## Supplied records
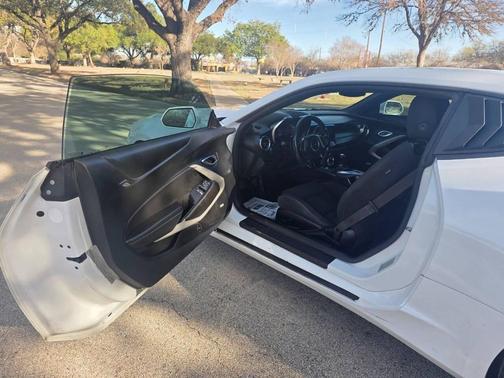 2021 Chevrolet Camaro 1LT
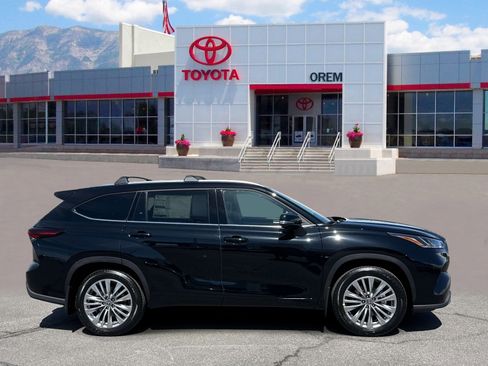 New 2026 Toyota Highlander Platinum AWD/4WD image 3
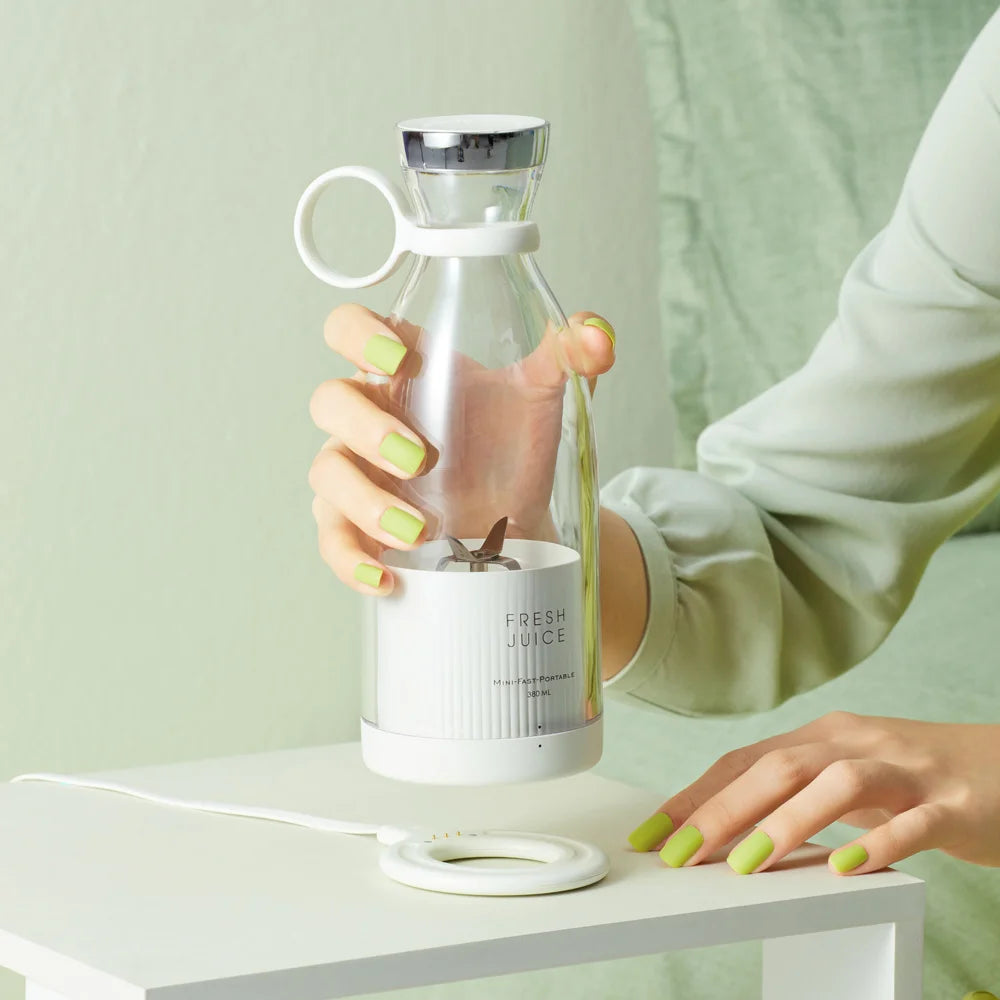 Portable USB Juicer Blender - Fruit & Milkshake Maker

--

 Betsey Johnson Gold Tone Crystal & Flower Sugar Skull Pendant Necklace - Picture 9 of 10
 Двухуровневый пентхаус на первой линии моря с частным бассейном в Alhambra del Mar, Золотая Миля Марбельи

## Task goal
Leave the pictures out, and transcribe exactly the lines above starting at the one that contains "2021 Chevrolet Camaro 1LT" and ending at the one that contains "Portable USB Juicer".

## The answer
 2021 Chevrolet Camaro 1LT
 New 2026 Toyota Highlander Platinum AWD/4WD image 3
 Portable USB Juicer Blender - Fruit & Milkshake Maker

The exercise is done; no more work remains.